To my knowledge there was, at the time, not only no convocation of a council to depose the Pope, but also no open confrontation with him and refusal to accept his authority in everything pertaining to his heresy. There was, in short, not only no ecumenical council, but even no Athanasius willing to go against the flow of acquiescence to papal heresy. This went on for three years.
This situation (of a heretical Pope not officially censured) did not end in 638, when the Pope died unchallenged und en-deposed. In fact, the official condemnation of the man as heretic only came more than four decades later, in 680. However, between 638 and 680 we know of continued confrontations between the promoters of the heresy and Rome, with all Popes after Honorius firmly on the side of truth.
Still, the fact remains: a Pope intervenes in a controversy openly supporting a heretical position, and he neither deposed nor (for what I know) denounced as heretic. What a stunning challenge to the faith, what shockingly turbulent times, and without an Athanasius to challenge his Pope Liberius!
We need our Athanasius. We need witnesses for Truth among our Bishops and Cardinals. It does not matter much (though I would love it) if Francis is or is not deposed by an ecumenical council in the end. But it matters that all faithful of this and all future generations know that when the going got tough, tough bishops and cardinals got going.

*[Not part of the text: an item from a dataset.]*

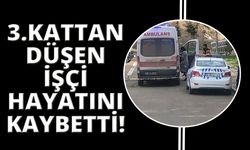 3. kattan düşen işçi hayatını kaybetti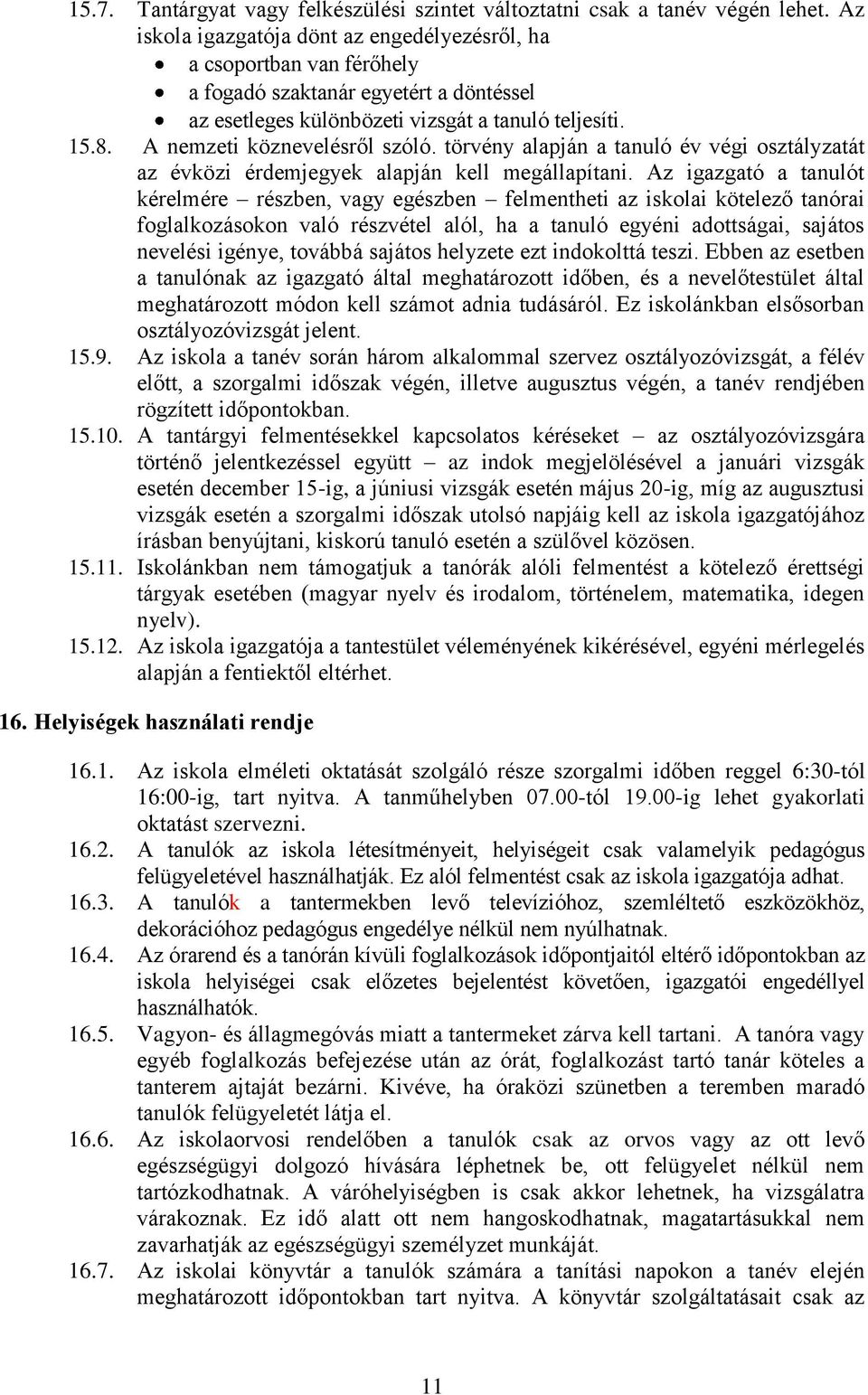A nemzeti köznevelésről szóló. törvény alapján a tanuló év végi osztályzatát az évközi érdemjegyek alapján kell megállapítani.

Today, we cannot mention Liberius without remembering Athanasius. Athanasius stands tall as the man who exposed error not forty years later, but whilst it was happening. As the heresy reared its ugly head, the hero arose to challenge it. But we have no Athanasius for the time of Honorius. Honorius lived three years after his letter, and I have no knowledge of any Athanasius. What a shame.
We are now repeating the situation in the times of Honorius: a Pope (at least materially) promotes heretical positions and we have no more than rumblings, rumblings which must certainly have existed also in the time of Honorius because they aren't dangerous. But those willing to stand up and openly proclaim the faith against papal sponsored heresy, we do not have them.
Cardinal Burke & Co. are in front of a choice: to be the Athanasius of our time or to remain silent in a time of heresy openly proclaimed and shamelessly spread. They have failed all of us up to now. They actually give the impression that they would have liked to be like Athanasius if it could have been done without risk, but have decided to revert to the behaviour of Honorius' bishops when it became clear they do not have the support they thought they had. Paper tigers, the four of them.
Athanasius did not wonder how many would follow him. His famous contra mundum statement is the most glorious example of faith defended no matter what the consequences. Athanasius was a giant.
Do we live in times of Giants or Dwarves?
I fear I know the answer, but I would love to be proved wrong.